EXERCISE REQUIREMENTS
Scan the records beneath this line for the line holding "Hi, my name" and the line holding "To start with, let's", then transcribe exactly those two and all lines between.

DATA SHOWN
§ §

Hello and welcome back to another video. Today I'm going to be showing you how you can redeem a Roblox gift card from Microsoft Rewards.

§ §

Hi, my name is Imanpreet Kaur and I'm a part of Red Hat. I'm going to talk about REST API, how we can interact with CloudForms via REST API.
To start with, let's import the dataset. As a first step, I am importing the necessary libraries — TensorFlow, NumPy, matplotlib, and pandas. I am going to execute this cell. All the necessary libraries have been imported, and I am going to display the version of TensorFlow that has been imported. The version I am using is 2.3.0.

§ §

ANSWER
Hi, my name is Imanpreet Kaur and I'm a part of Red Hat. I'm going to talk about REST API, how we can interact with CloudForms via REST API.
To start with, let's import the dataset. As a first step, I am importing the necessary libraries — TensorFlow, NumPy, matplotlib, and pandas. I am going to execute this cell. All the necessary libraries have been imported, and I am going to display the version of TensorFlow that has been imported. The version I am using is 2.3.0.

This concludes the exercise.